In triangle ABC segment DE is parallel to side AC. What is the length of AD if AB=16cm and DE=15cm and AC=20cm
I think you are missing something. We know that triangle ABC ~ ADE
So suppose the dilation factor of ADE/ABC is x, where x < 1
Then we know that AC = 15/x
and by the law of cosines,
(15/x)^2 = 16^2 + 20^2 - 2*16*20 cosB
Now, you can see that for any scale factor x<1, there is an angle B which will provide that DE can be 15 units long. All you need is cosB < 431/640
That is, any triangle ABC with B < 47.66° can provide a DE||AC with a length of 15.
To find the length of AD, we can use the concept of similar triangles.

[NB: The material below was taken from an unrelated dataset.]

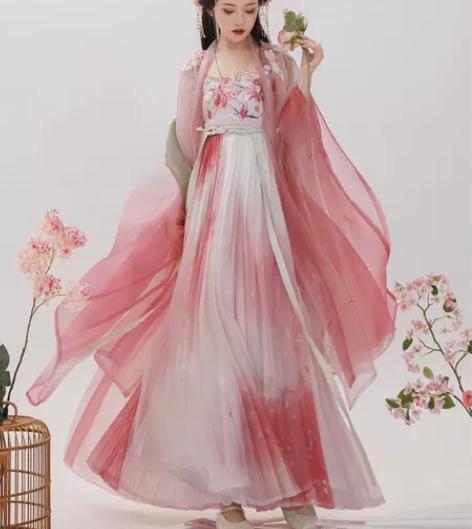 南京汉服出租｜裳云兮原创《拽妃》新品诃子裙...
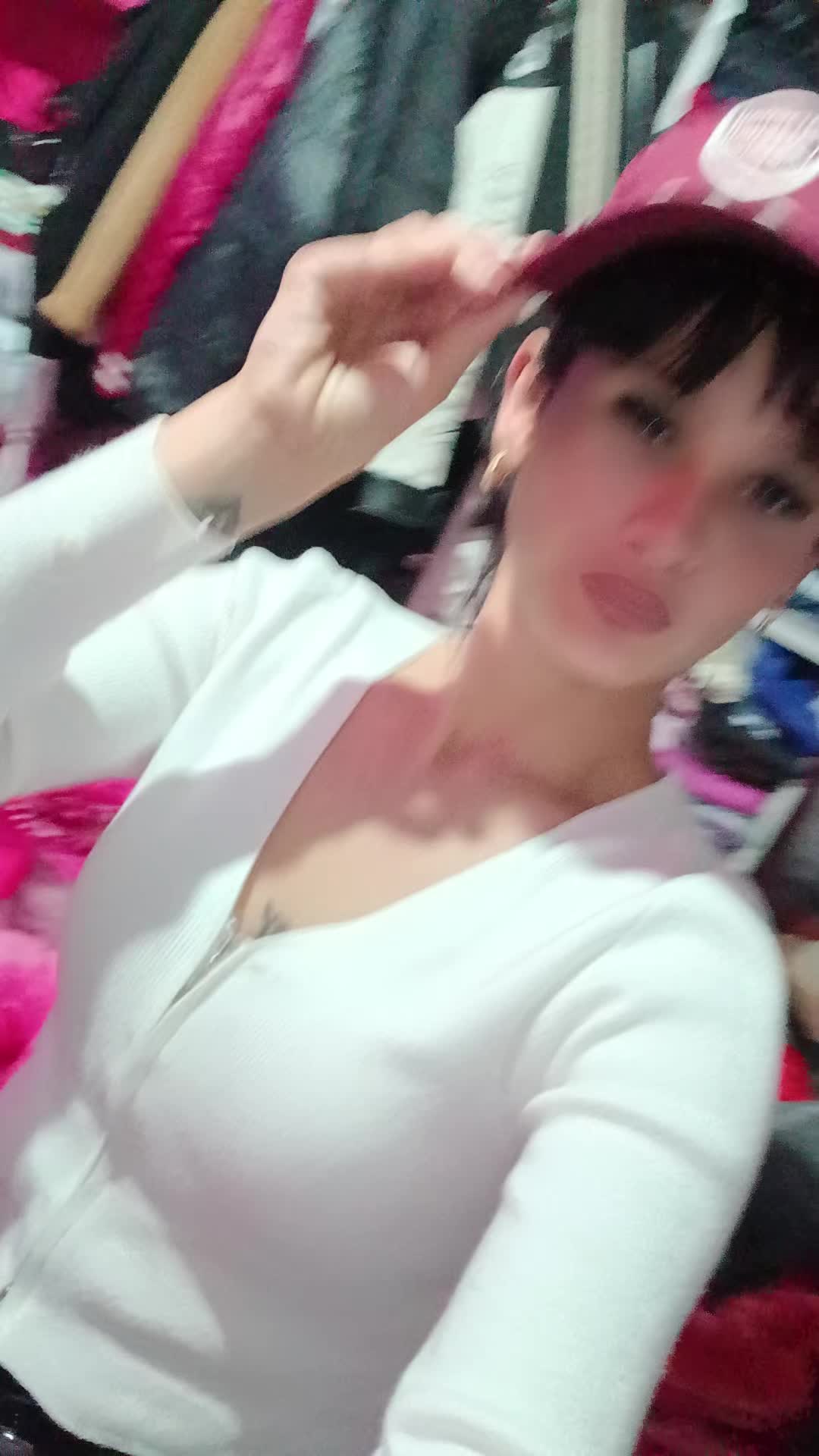 @Evelyn22fernandez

In triangle ABC, segment DE is parallel to side AC. This indicates that triangle ADE is similar to triangle ABC. Therefore, the ratio of corresponding sides of these triangles will be equal.
We can set up a proportion using this information. Let's define x as the length of AD:
AD/AB = DE/AC
Substituting the given values:
x/16 = 15/20
Now, we can cross-multiply and solve for x:
20x = 16 * 15
20x = 240
x = 240/20
x = 12
Therefore, the length of AD is 12 cm.